Lucrèce derrière le masque

L’histoire de la famille Borgia fut reprise par de nombreux auteurs et dramaturges. La pièce en question, est écrite par Victor Hugo. En résumé, le patriarche de cette famille se nomme Rodrigo Borgia, il fut pape de 1492 à 1503 sa vie ne fut que débauche, inceste, assassinats et complots. Il se trouve que Rodrigo est aussi père de trois enfants : Lucrèce, Jean et Cesare. La pièce en question s’inscrit dans la mythologie des affres de cette famille.

Après une relation incestueuse avec son frère Jean, un enfant naît. Cet enfant est enlevé à sa mère pour être ensuite caché. Et c’est là que la magie de la maternité opère, Lucrèce
femme damnée haïe par toute l’Italie, éprouve un amour inconditionnel pour son fils. Mais ce même enfant est devenu un homme, un soldat qui grandit dans une Italie déchirée par les complots des Borgia. Il déteste cette femme sans imaginer un instant qu’elle puisse être sa mère. Cette pièce de Victor Hugo, c’est l’histoire d’une mère qui, rattrapée par son passé cherche une rédemption dans l’amour qu’elle éprouve pour son fils.

Lucrèce Borgia avait déjà été mise en scène par Denys Podalydès l’année dernière, et avait été, très bien accueilli par la critique. Cette année la pièce revient sur les planches avec une distribution différente.

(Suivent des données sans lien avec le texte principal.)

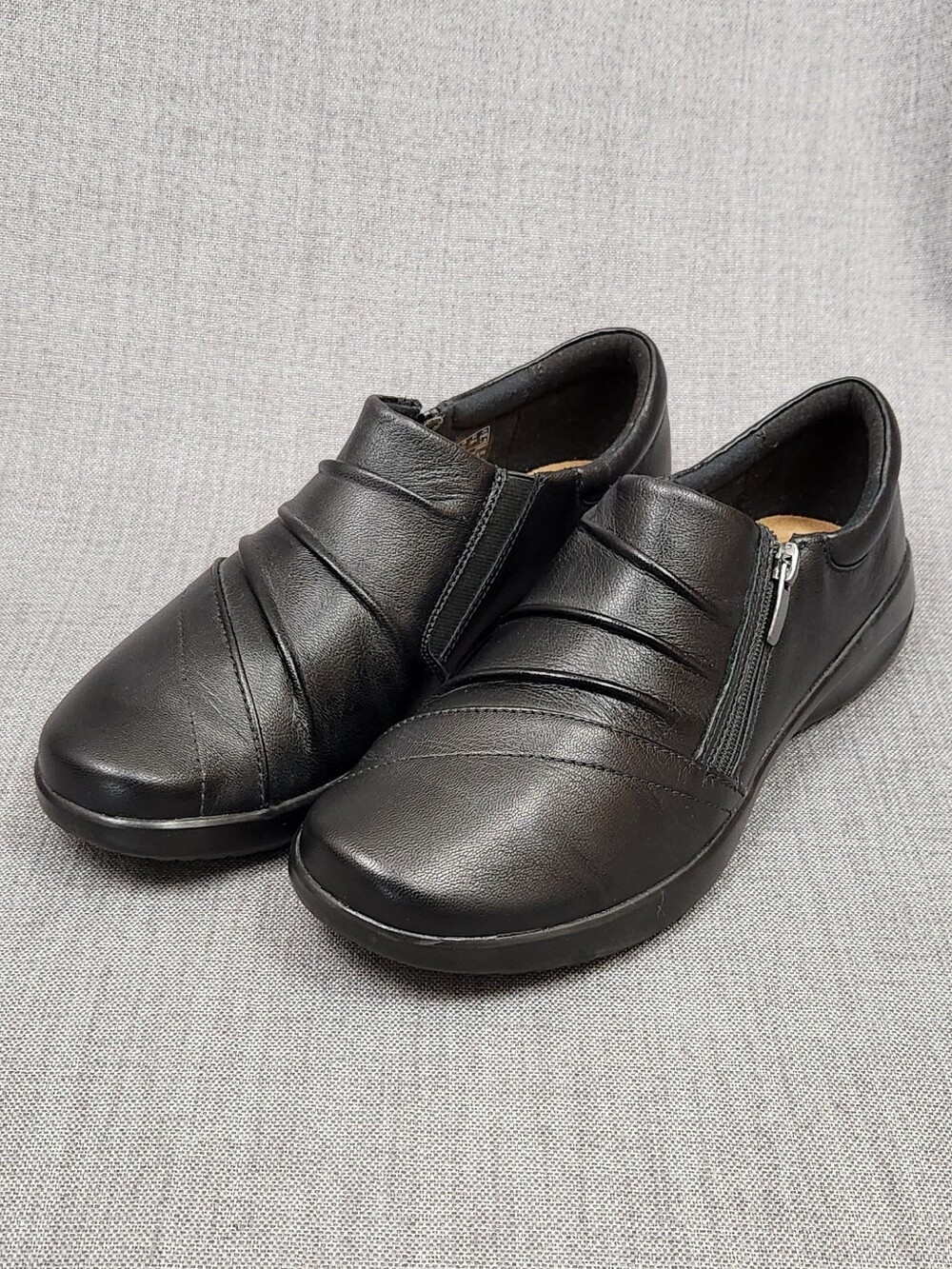 Clarks Black Leather Zip Up Low Professional Style Shoes. 8 1/2 Women.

Les costumes nous plongent dans cette Italie violente et romantique. Les effets de manche sont réussis. Les masques sont eux aussi utilisés à bon escient et nous restituent une Italie mystérieuse et gangrenée par les complots. Derrière ces masques, se cachent des personnages déchirés, une fois les masques enlevés, ils peuvent se livrer à leurs émotions et nous transmettre leur passion. Les masques apportent un travestissement que le jeu des comédiens accompagne à merveille, on ressent une vraie différence entre les scènes où ils portent le masques et celles où ils sont à visage découvert. Et enfin lorsque le masque tombe chacun d’entre eux peut, se livrer plus intimement à ses désarrois et ses sentiments.

Les décors sont sombres, glaçants. Au début une gondole vénitienne échouée pose le décor. L’atmosphère qui se veut mystérieuse arrive à démêler l’intrigue des protagonistes, le fond de la scène est fermé par des peintures où le ciel et l’océan se déchirent. Ces toiles sont sombres et violentes, elles élargissent l’espace, ouvrent le jeu et marquent un vrai contraste avec l’amour que déclame Lucrèce pour son fils.

Au milieu de cette noirceur, un jeu, qui éclaire l’amour platonique de Lucrèce pour Gennaro. Lucrèce est interprétée par Elsa Lepoivre qui passe talentueusement de la femme cruelle à la mère aimante. Son jeu est ample et lui permet d’occuper l’espace. Gennaro, interprété par Gaël Kamilindi,  arrive lui aussi à communiquer la jeunesse et la fougue de son personnage qui est souvent écrasé par le personnage de Lucrèce dans le texte original. Thierry Hancisse est bouleversant et donne une vrai force à la mise en scène, dans le rôle du Gubetta. Il incarne physiquement, vocalement et gestuellement avec force les vices de cette époque, la scène où il chante et danse est particulièrement impressionnante de par sa justesse. Thierry Hancisse et Elsa Lepoivre posent la cadence avec brio. Le rythme et les costumes font monter l’attente du spectateur qui est accompagné avec puissance vers le dénouement tragique de cette histoire.

Le jeu est difficilement critiquable, il est indéniable que les comédiens jouent bien, très bien même. Un jeu volontairement appuyé et parfois exagéré pour exacerber cette passion. Toutefois, on pourrait reprocher à la mise en scène d’apporter trop de scènes comiques, qui gâchent certains moments d’émotion. Quand vient la fin, au moment où la tragédie devrait être à son paroxysme, l’émotion aurait pu être plus grande, plus présente. On pourrait se demander si certaines pièces ne demandent pas plus de sobriété pour appréhender plus efficacement les émotions des personnages.

On peut dire que c’est un succès, la mise en scène se prête à la poésie du texte, pour nous
amener progressivement vers le dénouement tragique que porte merveilleusement bien
Elsa Lepoivre. Une pièce méconnue de Victor Hugo que l’on gagne à découvrir grâce à une adaptation talentueuse.